While adopting the federal definition of taxable income, most states provide for various adjustments in determining state taxable income. Some common variances from federal taxable income include the taxation of state pension income, Social Security income, and interest on state and local bond interest. In addition to providing variances from federal taxable income in the computation of state taxable income, states also provide different itemized and standard deductions than what is allowed for federal purposes.

Social

Security Tax

COMPENSATION FOR SERVICES PERFORMED WITHIN THE UNITED STATES AS AN EMPLOYEE IS SUBJECT TO US SOCIAL SECURITY TAX (7.65% ON EARNINGS UP TO $90,000 FOR 2005 AND $94,200 FOR 2006 , WITH AN ADDITIONAL TAX OF 1.45% ON THE REMAINDER), REGARDLESS OF THE CITIZENSHIP OR RESIDENCY OF EITHER THE EMPLOYER OR EMPLOYEE. THE EMPLOYER PAYS A TAX OF EQUAL AMOUNT. SELF-EMPLOYED INDIVIDUALS ARE SUBJECT TO A SOCIAL SECURITY TAX AS WELL (15.3% ON THE FIRST $90,000 FOR 2005 AND $94,200 FOR 2006 OF NET SELF-EMPLOYMENT INCOME AND 2.9% ON THE REMAINDER). NONRESIDENT ALIENS ARE EXEMPT FROM SOCIAL SECURITY ON SELF-EMPLOYMENT INCOME.

Totalization Agreements

INCOME TAX TREATIES DO NOT COVER SOCIAL SECURITY TAXES, SO EVEN IF A NONRESIDENT ALIEN IS EXEMPT FROM US INCOME TAX UNDER AN APPLICABLE TREATY, ANY US-SOURCE EARNINGS WILL STILL BE SUBJECT TO SOCIAL SECURITY TAX. AS A PRACTICAL MATTER, HOWEVER, THE IRS DOES NOT NORMALLY ENFORCE THE SOCIAL SECURITY TAX PROVISIONS IN CASES IN WHICH THE FOREIGN NATIONAL IS EXEMPT FROM INCOME TAX.

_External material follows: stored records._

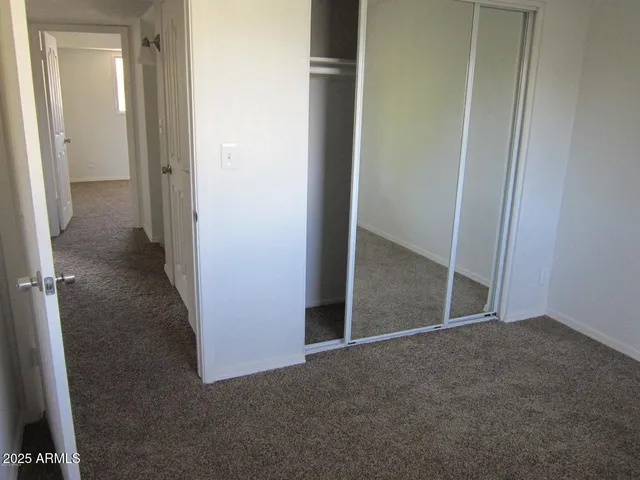 an empty room with closet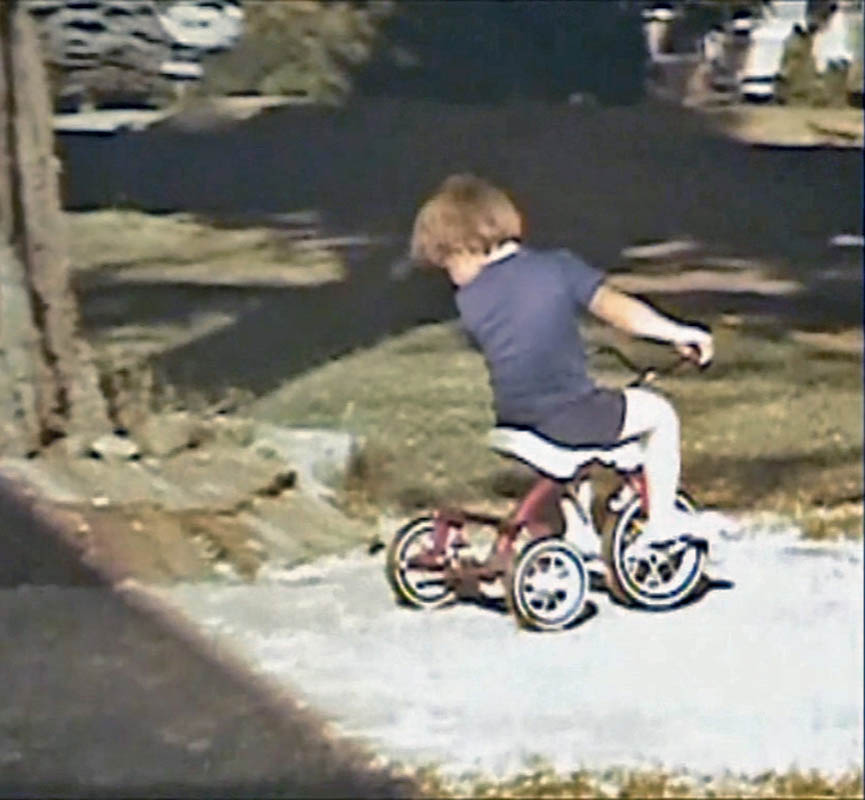 noah on trike in front yard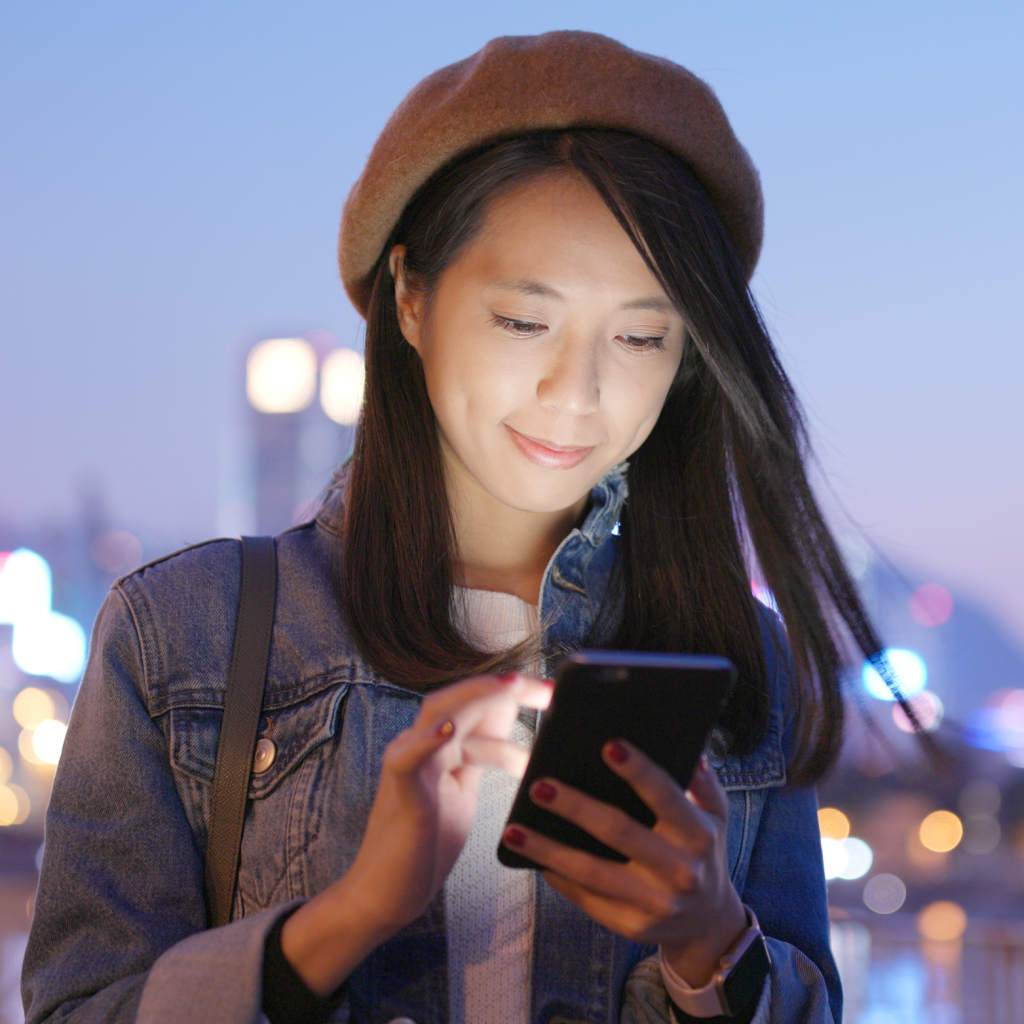 A woman using an electronic device outdoors, benefiting from our Neighborhood roaming (SmartTown Wi-Fi).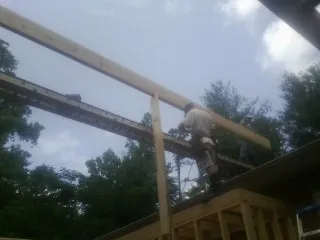 Carpenter setting a ridge beam over a new addition frame — Ice Dam Removal by Roofing Brothers in Hilham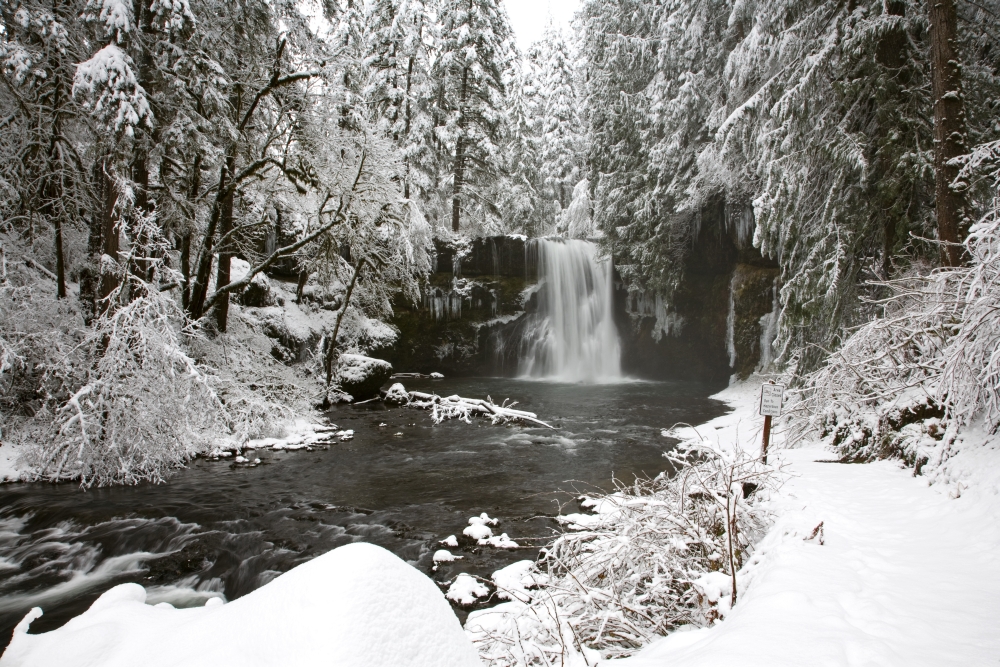A Waterfall In to A River In Winter Poster Print, 36 x 24 - Large
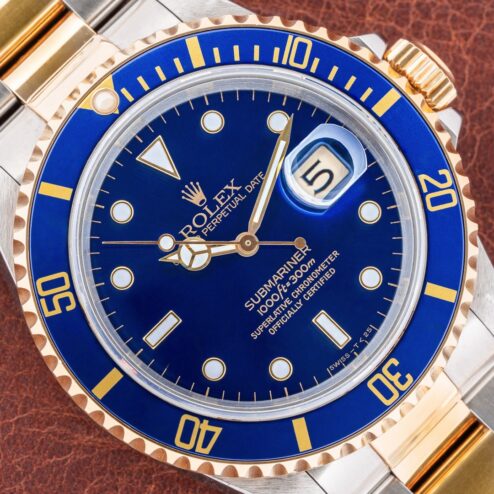 16613 Submariner Date (blue/purple / unpolished / caseback sticker / box and papers)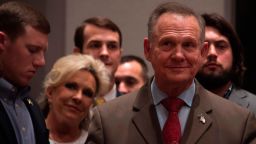Republican Senatorial candidate Roy Moore (R) stands off stage with his wife Kayla (2nd L) before addressing his supporters in Montgomery, Alabama, on December 12, 2017.
Democrat Doug Jones scored a victory Tuesday in a fiercely contested US Senate race in conservative Alabama, dealing a setback to US President Donald Trump, whose candidate could not overcome damaging sexual misconduct accusations. With 92 percent of precincts reporting, former prosecutor Jones secured 49.5 percent of the vote compared to Roy Moore's 48.8 percent, CNN and other networks reported.
 / AFP PHOTO / JIM WATSON        (Photo credit should read JIM WATSON/AFP/Getty Images)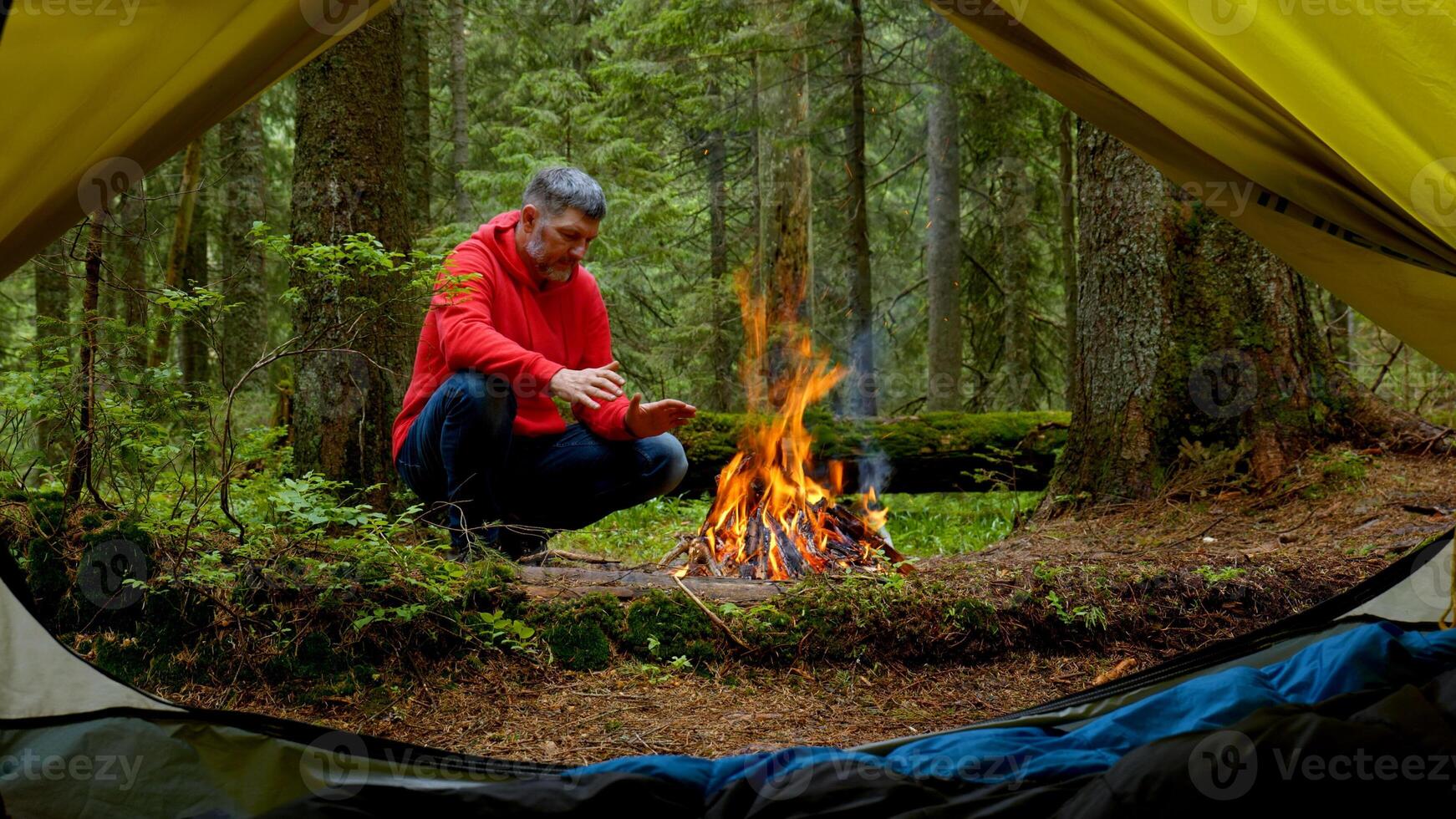 Bearded man by the fire in a beautiful forest. The camping is located in a beautiful forest lawn in the mountains. Travel concept photo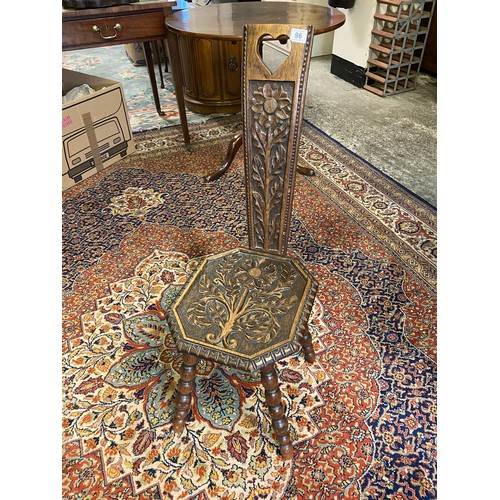 96 - An oak spinning chair with carved flowers and leaves to the back and seat, on bobbin turned legs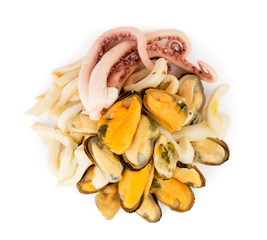 Heap of seafood mussels, octopus and squid on a white. The view from the top.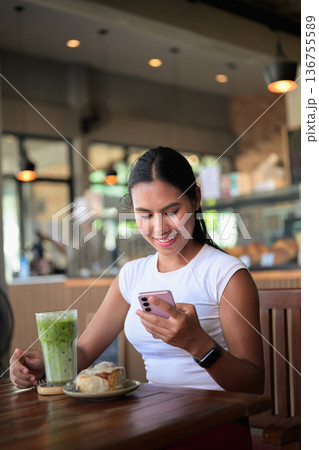 Smiling Woman Using Smartphone in Cafe with Green Iced Tea Matcha Latte Drink and Dessert 136755589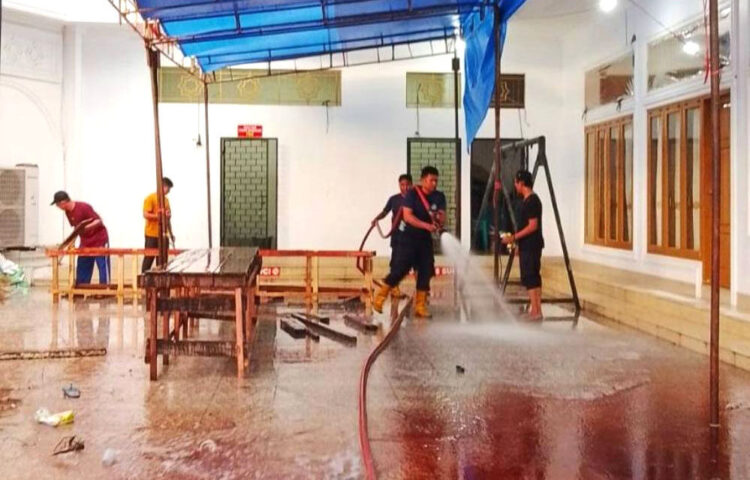 BANTUAN DAMKAR— Petugas Damkar Kota Padang ikut membantu membersihkan lantai masjid dan mushallah disejumlah wilayah usai pemotongan dan pembagian sapi kurban, Sabtu (7/6).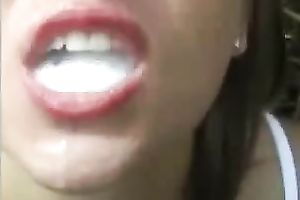 Nasty golden-haired hottie outdoors is engulfing weenie and playing with cum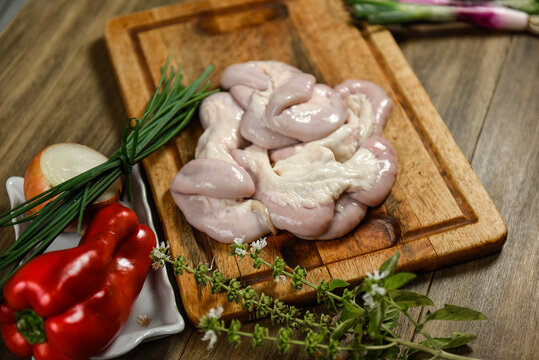 Cow bowels presented on a wooden board with ingredients, ready to grill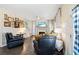 Comfortable living room with fireplace, ceiling fan, dark, solid wood floors and neutral paint at 49 Inverness Ct, Hiram, GA 30141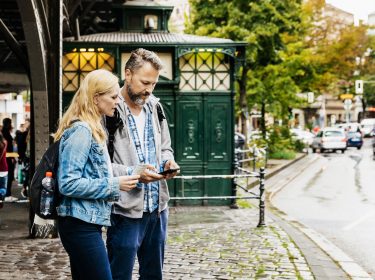 Paar sucht Ziel im Urlaub per Smartphone - Digitale Reiseführer als App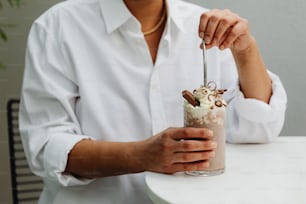 a woman is holding a drink with whipped cream and chocolate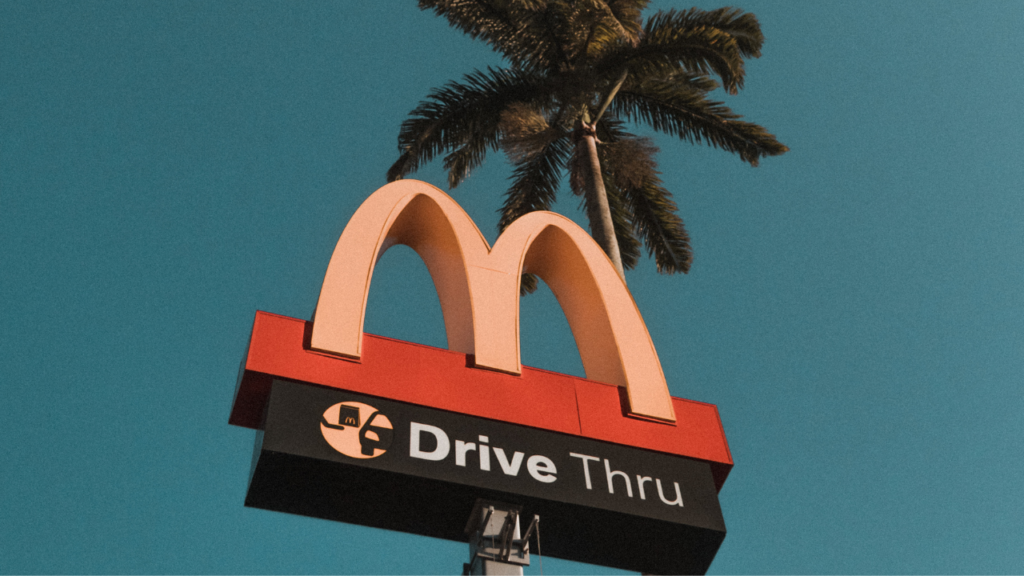 McDonald's drive thru sign with palm tree.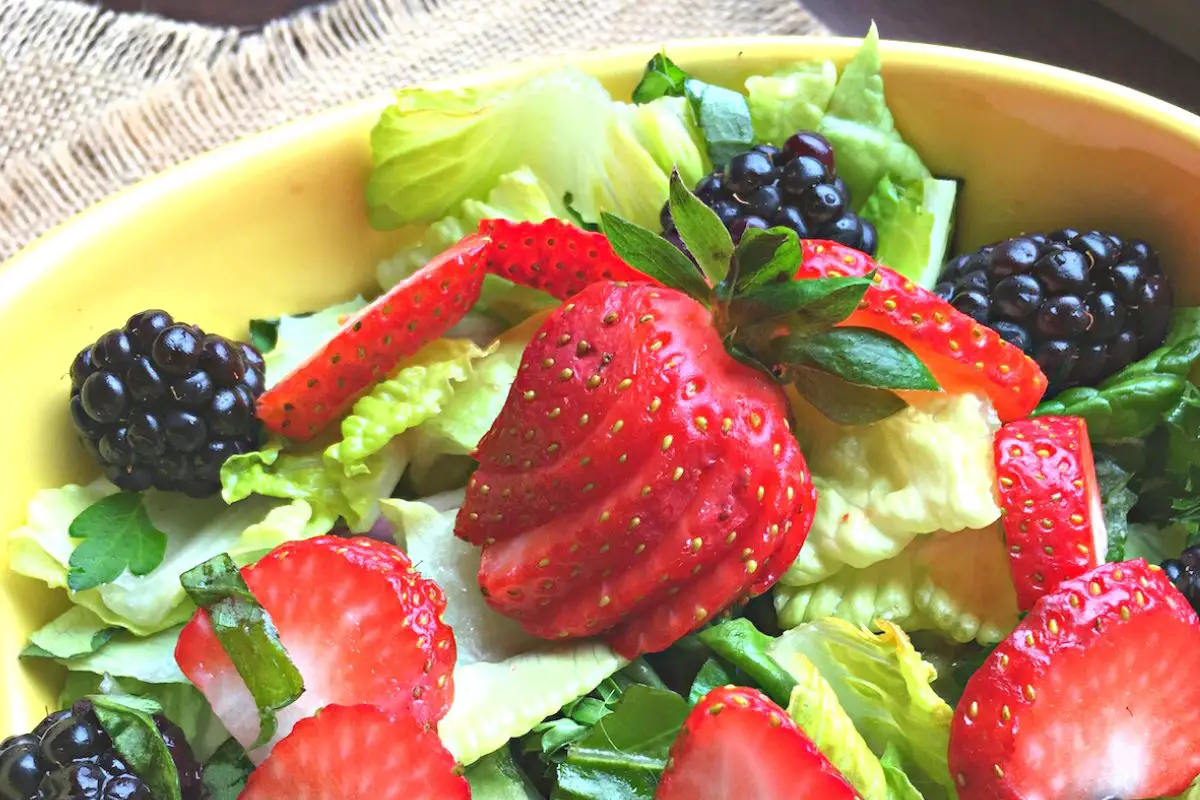 Refreshing Mixed Berry Salad with Raspberry Vinaigrette - wellnesssleuth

The United States has entered into social security totalization agreements with several countries that may eliminate duplicate coverage (taxes) and provide for “totalized” benefits for individuals who cannot qualify for full social security benefits in one country or the other.

Estate and

Gift Taxes

RESIDENCE FOR TRANSFER TAX PURPOSES DOES NOT HAVE THE SAME MEANING AS IT DOES FOR INCOME TAX PURPOSES. RESIDENCE FOR PURPOSES OF THE US TRANSFER TAX MEANS DOMICILE. TO BE DOMICILED IN THE UNITED STATES, A FOREIGN NATIONAL MUST RESIDE HERE AND INTEND TO CONTINUE DOING SO INDEFINITELY. THE IRS WILL CONSIDER SEVERAL FACTORS IN DETERMINING ONE’S DOMICILE, INCLUDING DURATION OF STAY IN THE UNITED STATES, LOCATION OF FAMILY AND FRIENDS, LOCATION OF BUSINESS INTERESTS AND SOCIAL AFFILIATIONS, AND ANY DECLARATIONS OF INTENT IN SUCH DOCUMENTS AS VISA APPLICATIONS, WILLS, DEEDS OF GIFT, OR TRUST INSTRUMENTS. HOLDING A GREEN CARD, COMBINED WITH SUBSTANTIAL U.S. PRESENCE, WILL LIKELY BE CONSIDERED STRONG EVIDENCE OF U.S. DOMICILE BECAUSE THE FOREIGN NATIONAL MUST DECLARE THAT IT IS HIS OR HER INTENTION TO RESIDE IN THE UNITED STATES IN ORDER TO OBTAIN THE GREEN CARD. IN CONTRAST, A FOREIGN NATIONAL TEMPORARILY ASSIGNED TO THE UNITED STATES, AND PRESENT IN THE UNITED STATES UNDER A NON-IMMIGRANT WORK VISA OF LIMITED DURATION, IS LESS LIKELY TO BE DOMICILED IN THE UNITED STATES FOR US TRANSFER TAX PURPOSES.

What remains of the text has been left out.